Scene update with a single image: Combined with physics simulation, a single bird's-eye-view image suffices to update the scene, achieving 1.5× the accuracy of a 6-image baseline.
Using the non-lexical word "786dvpteg" as the text prompt for transparent objects is a clever engineering trick.

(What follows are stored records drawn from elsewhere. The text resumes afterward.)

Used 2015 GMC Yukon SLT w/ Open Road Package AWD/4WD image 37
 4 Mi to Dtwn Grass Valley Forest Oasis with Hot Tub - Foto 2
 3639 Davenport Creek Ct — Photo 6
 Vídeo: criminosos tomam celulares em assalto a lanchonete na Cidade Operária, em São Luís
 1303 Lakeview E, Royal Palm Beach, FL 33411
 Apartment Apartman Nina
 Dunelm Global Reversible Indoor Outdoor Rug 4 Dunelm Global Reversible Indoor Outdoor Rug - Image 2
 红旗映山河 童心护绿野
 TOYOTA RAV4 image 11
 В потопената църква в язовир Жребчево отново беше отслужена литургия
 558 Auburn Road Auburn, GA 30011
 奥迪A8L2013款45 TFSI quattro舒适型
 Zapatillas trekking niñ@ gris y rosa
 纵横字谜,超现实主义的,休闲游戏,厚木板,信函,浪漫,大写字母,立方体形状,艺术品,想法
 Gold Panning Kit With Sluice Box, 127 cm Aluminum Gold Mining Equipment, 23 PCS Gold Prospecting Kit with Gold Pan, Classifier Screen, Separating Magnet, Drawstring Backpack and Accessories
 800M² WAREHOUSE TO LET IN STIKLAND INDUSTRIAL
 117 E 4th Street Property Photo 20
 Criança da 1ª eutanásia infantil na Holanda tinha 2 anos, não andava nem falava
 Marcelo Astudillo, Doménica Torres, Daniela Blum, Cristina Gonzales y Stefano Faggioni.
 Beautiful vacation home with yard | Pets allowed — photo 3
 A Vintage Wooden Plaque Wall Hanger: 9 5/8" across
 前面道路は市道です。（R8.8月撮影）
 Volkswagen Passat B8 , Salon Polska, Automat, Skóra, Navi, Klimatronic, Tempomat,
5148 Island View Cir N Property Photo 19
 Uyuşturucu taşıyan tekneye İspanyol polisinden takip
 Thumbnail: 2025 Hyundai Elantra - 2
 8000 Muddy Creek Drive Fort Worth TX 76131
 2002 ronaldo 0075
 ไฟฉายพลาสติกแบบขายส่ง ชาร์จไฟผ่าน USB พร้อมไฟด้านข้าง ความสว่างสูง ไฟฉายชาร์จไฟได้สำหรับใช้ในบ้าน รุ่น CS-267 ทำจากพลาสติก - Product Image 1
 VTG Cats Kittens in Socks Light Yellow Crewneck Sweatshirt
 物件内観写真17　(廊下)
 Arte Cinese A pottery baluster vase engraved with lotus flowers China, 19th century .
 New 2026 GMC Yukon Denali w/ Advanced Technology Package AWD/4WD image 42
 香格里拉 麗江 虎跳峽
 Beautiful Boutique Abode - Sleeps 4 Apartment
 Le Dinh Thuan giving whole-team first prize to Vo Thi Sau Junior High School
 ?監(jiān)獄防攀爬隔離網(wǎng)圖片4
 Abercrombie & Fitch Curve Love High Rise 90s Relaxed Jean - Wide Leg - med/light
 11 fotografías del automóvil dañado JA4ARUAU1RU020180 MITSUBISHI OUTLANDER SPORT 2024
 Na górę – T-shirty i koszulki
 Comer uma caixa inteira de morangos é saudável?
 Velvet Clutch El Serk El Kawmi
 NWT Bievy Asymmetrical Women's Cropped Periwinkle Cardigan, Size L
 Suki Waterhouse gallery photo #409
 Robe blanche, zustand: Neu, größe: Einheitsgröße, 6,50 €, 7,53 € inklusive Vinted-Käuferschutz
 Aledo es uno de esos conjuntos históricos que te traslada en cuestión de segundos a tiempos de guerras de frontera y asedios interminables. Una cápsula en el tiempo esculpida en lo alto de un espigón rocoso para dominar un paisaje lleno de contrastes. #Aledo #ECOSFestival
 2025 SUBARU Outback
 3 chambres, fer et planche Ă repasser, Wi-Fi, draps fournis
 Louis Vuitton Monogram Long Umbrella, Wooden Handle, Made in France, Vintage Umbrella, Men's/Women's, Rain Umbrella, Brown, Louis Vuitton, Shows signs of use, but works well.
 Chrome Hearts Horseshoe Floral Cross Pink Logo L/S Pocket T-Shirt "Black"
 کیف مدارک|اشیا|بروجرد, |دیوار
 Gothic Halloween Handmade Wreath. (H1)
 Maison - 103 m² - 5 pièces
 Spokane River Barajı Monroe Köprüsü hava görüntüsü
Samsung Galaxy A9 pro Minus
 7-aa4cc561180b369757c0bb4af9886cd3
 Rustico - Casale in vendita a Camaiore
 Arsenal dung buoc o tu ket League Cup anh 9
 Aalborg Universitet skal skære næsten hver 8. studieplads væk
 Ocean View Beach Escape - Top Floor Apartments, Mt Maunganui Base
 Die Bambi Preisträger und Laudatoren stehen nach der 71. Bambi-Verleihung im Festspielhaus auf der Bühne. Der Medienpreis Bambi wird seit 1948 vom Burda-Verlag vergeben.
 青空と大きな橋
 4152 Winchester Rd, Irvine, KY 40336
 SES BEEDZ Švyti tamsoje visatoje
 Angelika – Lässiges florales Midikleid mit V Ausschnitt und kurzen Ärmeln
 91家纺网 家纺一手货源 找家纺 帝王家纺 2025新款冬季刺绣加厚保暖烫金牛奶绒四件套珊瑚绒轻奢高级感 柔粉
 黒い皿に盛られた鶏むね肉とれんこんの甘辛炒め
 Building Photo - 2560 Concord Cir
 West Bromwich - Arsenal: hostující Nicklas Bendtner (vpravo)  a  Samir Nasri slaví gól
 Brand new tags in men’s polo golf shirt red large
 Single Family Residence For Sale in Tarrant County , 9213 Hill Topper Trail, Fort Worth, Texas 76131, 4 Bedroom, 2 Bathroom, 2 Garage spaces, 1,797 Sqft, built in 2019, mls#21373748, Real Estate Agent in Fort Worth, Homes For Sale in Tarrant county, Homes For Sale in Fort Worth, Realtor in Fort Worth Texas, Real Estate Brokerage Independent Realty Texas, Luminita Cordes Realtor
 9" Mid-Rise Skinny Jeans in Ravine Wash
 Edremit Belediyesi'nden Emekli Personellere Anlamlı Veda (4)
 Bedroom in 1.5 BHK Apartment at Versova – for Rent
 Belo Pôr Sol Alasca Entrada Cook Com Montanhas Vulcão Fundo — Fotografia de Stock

Limitations & Future Work¶

Heavy dependence on segmentation quality: Segmentation failures (tracking failure, strong illumination, blurry boundaries) directly cause reconstruction and physics simulation failures.
Limited to partial object removal or minor motions: More complex dynamic scenarios (e.g., arbitrary object addition or large-scale displacement) cannot be handled.
Only objects are rendered, not the background: Comparisons with other methods are not entirely fair in this regard (though this is consistent with the task definition).
Future directions: Developing segmentation-free methods; handling more complex dynamics and lighting conditions; extending to more diverse real-world scenes.

Method	Type	View Requirement	Transparent Object Specialized	Dynamic Scene	Training Time
Dex-NeRF	NeRF	Dense	✓	✗	Slow
NFL	NeRF	Dense	✓	✗	Slow
TranSplat	3DGS+Diffusion	Dense	✓	✗	Medium
TransparentGS	3DGS+BSDF	Dense	✓	✗	Slow
InstantSplat	3DGS+3D Foundation Model	Sparse	✗	✗	Fast
FSGS	3DGS+Foundation Model	Sparse	✗	✗	Slow
TRAN-D	2DGS+Physics Simulation	Sparse	✓	✓	Extremely Fast

The paradigm of combining physics simulation with neural representations deserves attention: first reconstruct with neural methods, then use a physics engine to reason about dynamic changes, and finally fine-tune with minimal data. This pipeline is extensible to a wide range of dynamic scene understanding tasks. Segmentation-guided Gaussian optimization — treating segmentation information as an additional channel jointly splatted — is a highly generalizable idea applicable to any GS task requiring object-level control. 3D spatial regularization as an alternative to auxiliary networks is more robust in data-scarce settings than relying on pre-trained depth or 3D foundation models. The method has direct applicability in robotic manipulation scenarios involving grasping of transparent objects.

Rating¶

Novelty: ⭐⭐⭐⭐ — The idea of using physics simulation for scene update is novel, and the object-aware 3D loss is cleverly designed; however, the overall framework is a combination of existing components (2DGS + Grounded SAM + MPM).
Experimental Thoroughness: ⭐⭐⭐⭐ — Comprehensive evaluation on both synthetic and real datasets, complete ablation studies, and clear efficiency comparisons; the inability to quantitatively evaluate on real scenes is a limitation.
Writing Quality: ⭐⭐⭐⭐ — Motivation is clearly articulated, method descriptions are detailed, and figures are of high quality; the overall structure is well-organized.
Value: ⭐⭐⭐⭐ — Practically valuable for robotic manipulation of transparent objects; the extremely fast speed and robustness to sparse views are practically useful; however, strong dependence on segmentation limits generalizability.